Betty’s home-going was the grace of the Lord. She knew and confessed Christ as Savior for her entire adult life so she is absent from us but present with the Lord. Her body is whole, her mind is clear and her voice has returned to sing in heaven’s choir of praise to the eternal Lord Who made her, saved her and with Whom Betty will come to earth at the end of time. Betty is enjoying the peace and presence of her Lord of Whom she enjoyed hearing each Lord’s Day, for almost 8 years as a member of my congregation in Seminole, Oklahoma. Betty thought I was the best preacher she had ever heard…I loved her for saying so.

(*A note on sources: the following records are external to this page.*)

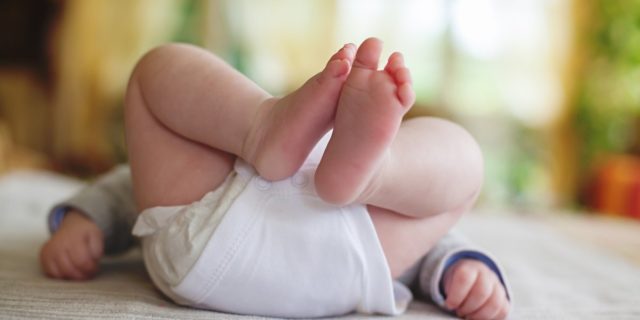 Allarme dalla Francia: sostanze chimiche e tossiche nei pannolini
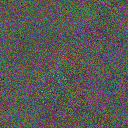 World at epoch 55000
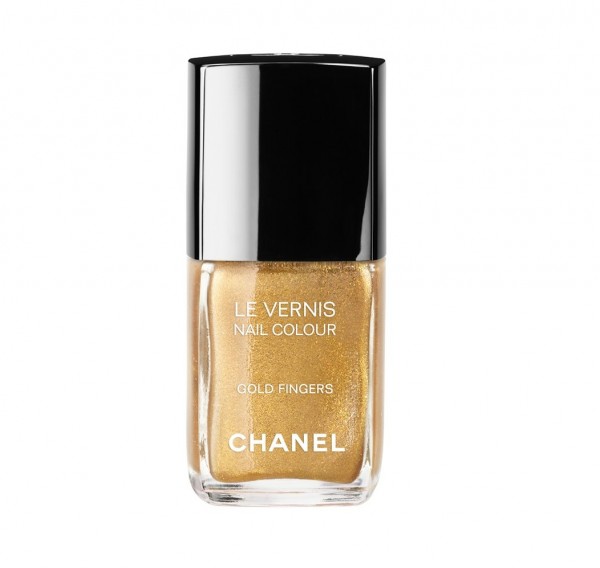 Beauty Must: Las Vegas de Chanel | Sandra‘s Closet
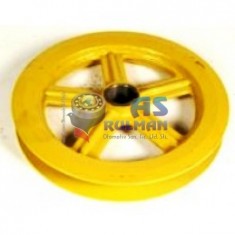 ŞANZIMAN HAREKET KASNAĞI 41,5 MM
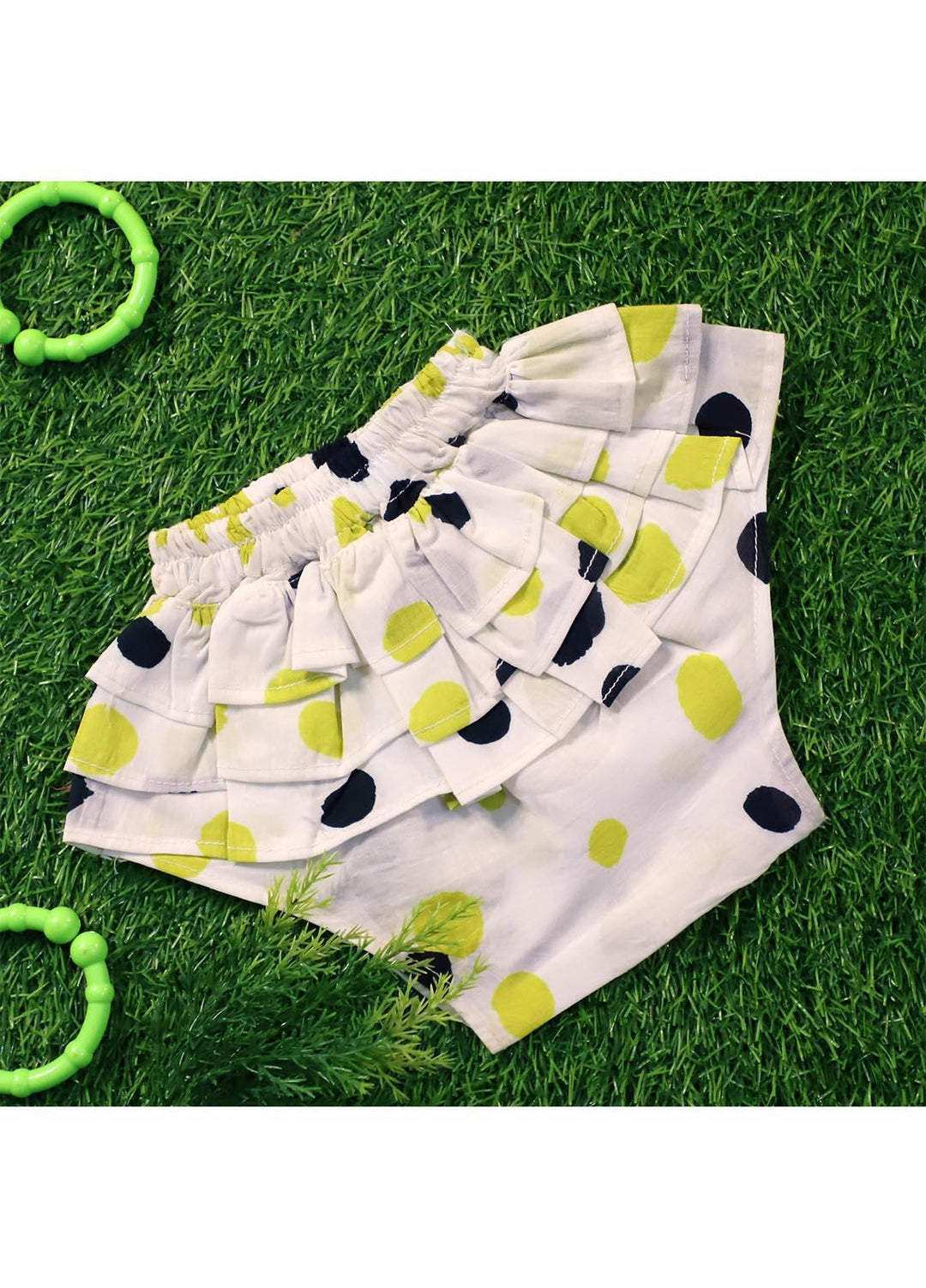 Sania Khan Lawn Fancy Frocks for Girls -  SNK21F Outfit 05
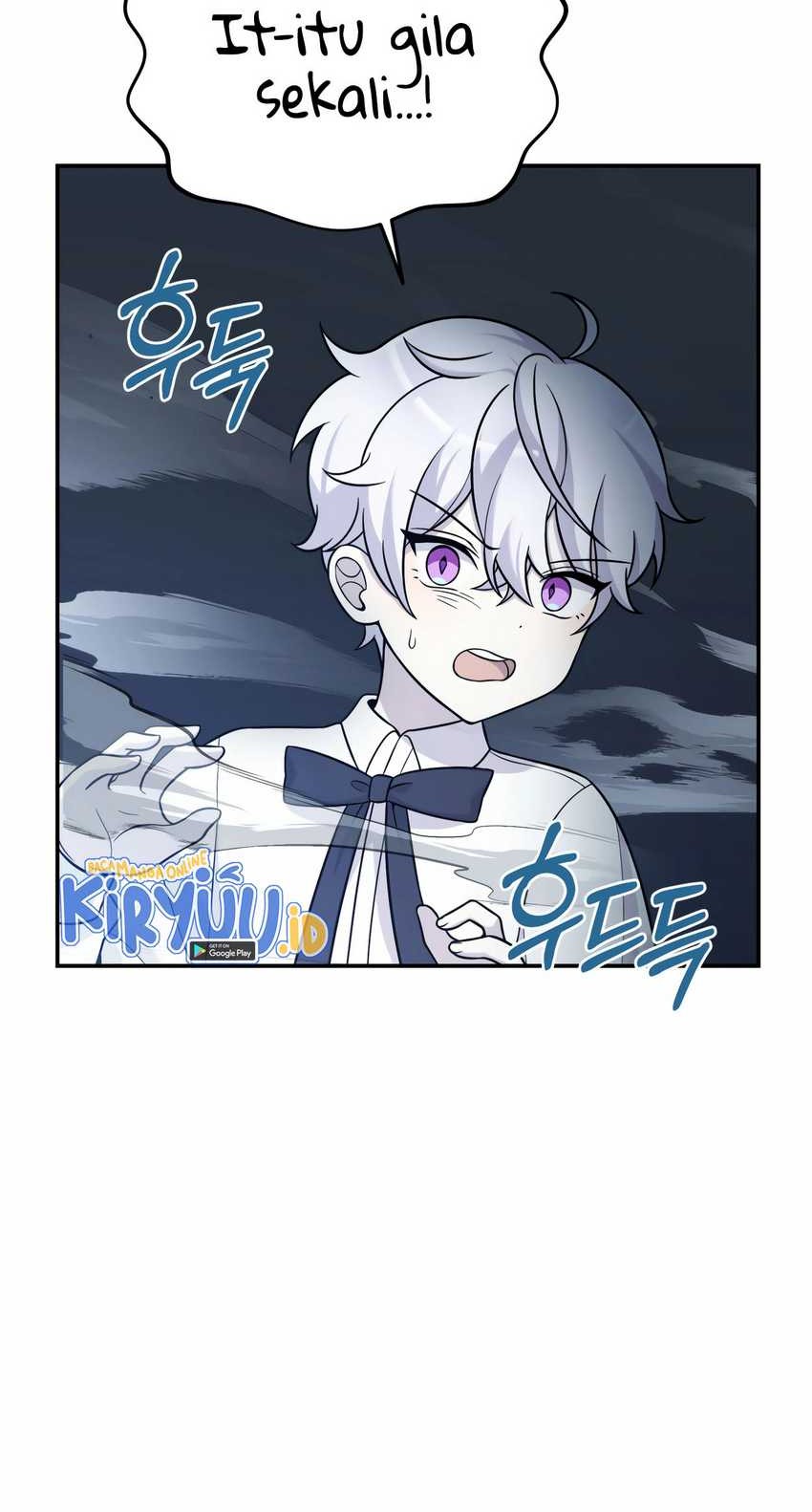 How To Survive As A Terminally Ill Dragon Chapter 13 Gambar 39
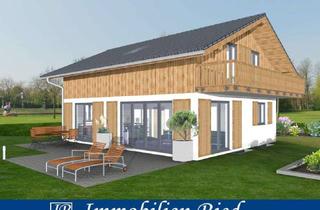 Einfamilienhaus kaufen in 82467 Garmisch-Partenkirchen, Schlüsselfertigen Einfamilienhauses (Neubau) in exklusiver Spitzenlage in Garmisch-Partenkirchen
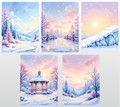 Snow Glow Bones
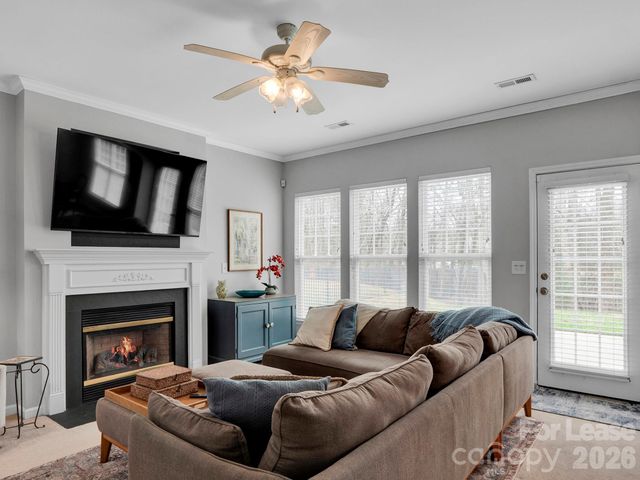 1401 Hammond Drive, Matthews, NC 28104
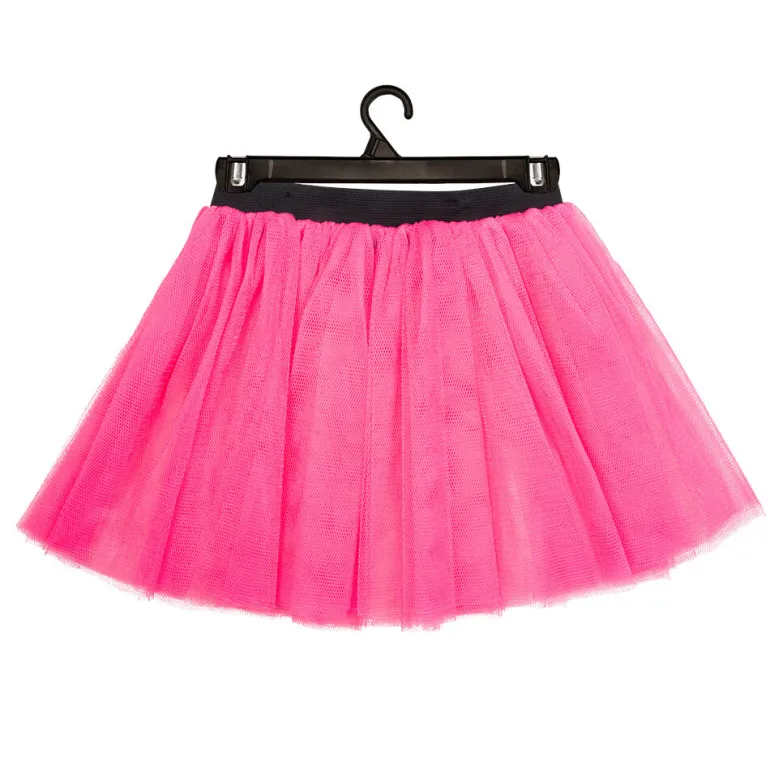 Tutu 6 Couleurs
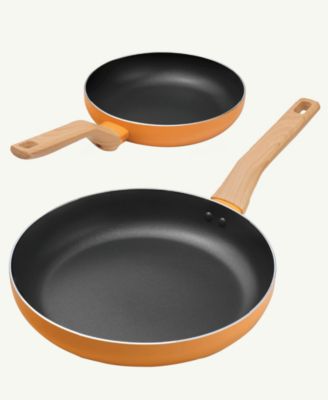 Arch Studio - Nonstick 2-Piece Frypan Set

After the trip to Oklahoma Mary and I drove to Kansas City, (Lawrence, Kansas, actually – the home of Kansas University) to visit my mother who lives in an assisted living facility less than 2 miles from my sister. Mom suffers from dementia prompted by a failing heart and two, almost completely occluded carotid arteries. She has almost no memory at her disposal; she recognized Mary and me but had no memory of any of our visits over three days, no memory of if she ate a meal or what it might have been and no ability to process any thoughts about the immediate future. I suspect that by the time we reached our car in the nursing home parking lot she was fast asleep with no memory of us having been there. He vital frame of reference was the immediate moment so we took comfort in what joy and happiness she seemed to have in our conversations, reminiscing and story-telling while sharing pictures of the kids on our phones.
Mom is a believer, though, like Betty, unable to express her faith. She will, someday, be absent from the body and present with the Lord and will join Betty in heaven’s choir…she has always been a strong soprano with good pitch!
As I contemplated my Oklahoma and Kansas visits and an upcoming trip to Florida for the memorial service of a beloved aunt, my mother’s 94 year old sister who died last week, I couldn’t help but wonder what the Lord’s purposes are in Betty’s and my mother’s illnesses. What does God want to do in all of this? What are His purposes? How is He glorified in what they suffer and what our families endure? Try as I might I’ve not been able to figure it out. My mind goes to the words of Job: why do you hide your face from me? Why, I ask, won’t you explain this to me? Perhaps some of you have asked the same questions.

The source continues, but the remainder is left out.